26 thoughts on “Gamifying Education – How to Make Your Classroom Truly Engaging – Extra Credits”

  1. As someone who excelled in college when he had a sense of agency (3.96 GPA and 5 honors at graduation) and who has been unemployed for a year despite every conceivable effort, I just wanted to say thank you.

    You finally crystallized in that section why I've felt so…off. I'm a strong Type A who felt his entire sense of agency ripped away from him and is frustrated and hurt that he can't find employment. Plus broke. :-p

  2. too many problems in education today. 1) too much emphasis on memorization versus intuition 2) the same path for all students, even when their interests vary to significant degrees, 3) The education system does not adapt to the most pressing issues the students are having. Students keep moving forward even when there are significant holes in understanding. 4) students are just not motivated to learn. The process of learning is not enjoyable for them.
    I believe games and Machine learning are game changers for education and an informed society. I was so board in history class.

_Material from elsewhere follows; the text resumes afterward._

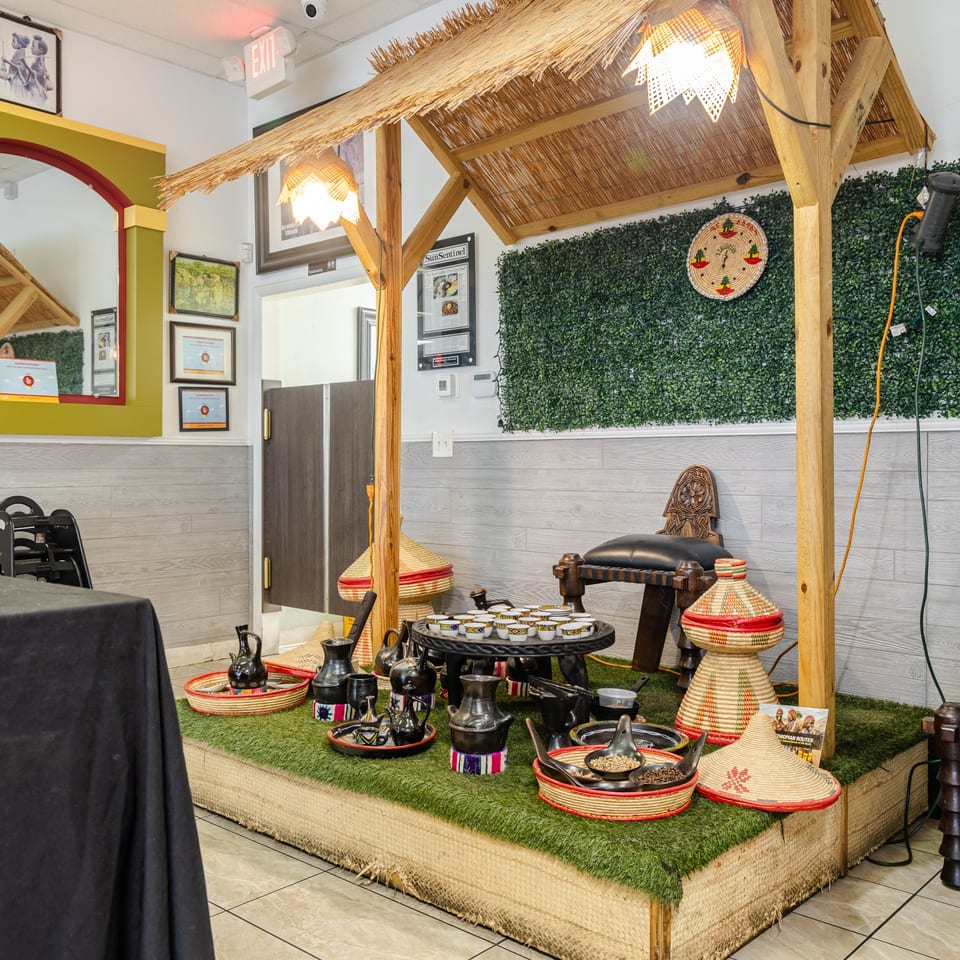 Restaurant interior featuring a thatched-roof seating area, Ethiopian coffee ceremony display, woven baskets, traditional chairs, and greenery-covered walls.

  3. Leave it to a Canadian Pixar animator and a small team doing these videos as a hobby to be better at teaching millions of people than most teachers and professors throughout much of the world. My school had a point system that worked well for helping students stay on task and earn points that got used for various purchases, and a year end auction of items that got donated to the school. Unfortunately, the school fails in so many other ways, that a lot of students willingly ignore the topic of the class and take a nap or read/do something else more interesting to themselves, knowing they will get penalized for it. I always had an interest in Japanese mythology while growing up, go figure, when the teacher wanted us to read along through a story about some African small town villager, I had no interest in it, because of my own life in a small rural farm town I fought long and hard to disassociate myself from. My life experiences throughout the entirety of highschool has been as productive as all the time I spent on my Tamagotchi. If I got a do-over, I would have dropped out of school when I was 14 (year 2001) and never look back.

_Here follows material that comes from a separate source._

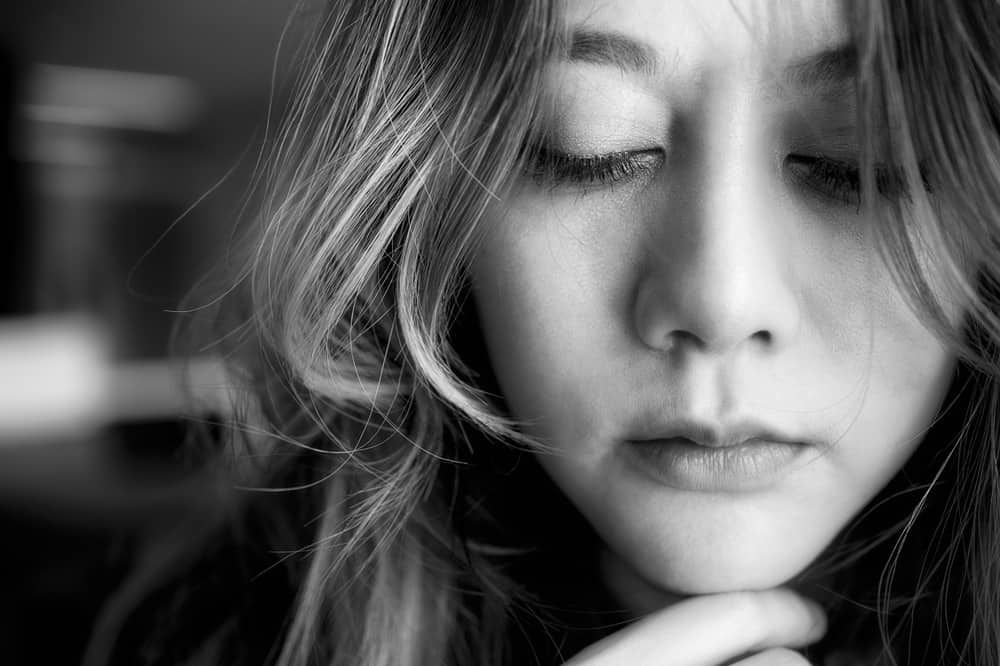 ein Porträt einer traurigen Frau mit geschlossenen Augen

  4. I want to say a big thank you to the Extra Credits team for this episode from long ago. I am using the topic of this video as a jumping off point for a research paper for my grad class on ethics and technology in the classroom. I plan to talk about Reality Ends Here and Classcraft as examples as well. I can't remember the last time I was this excited or motivated to do a research paper. 🙂

  5. my school uses the genaric A P B BB rate (a = advansed P= proficent(pass) B=basic (barley failed) BB (you failed like hard fail) ) it is sad i wish it had an A=40 P=30 B=15 BB=0 or some variable of that. sekighara–> wikipedia—> monarch butterflies HA you have like 4 links i have 1(im only counting wiki)

  6. If a student wanted to learn on their own, wouldn't that be an intrinsic motivation? If a student were intrinsically motivated to do something then they'll be interested in a topic for a longer period of time than someone who is externally motivated. We're much happier doing what we want to do than what we have to do (which probably ties into agency)

  7. How about monopoly as a tool to get people learning?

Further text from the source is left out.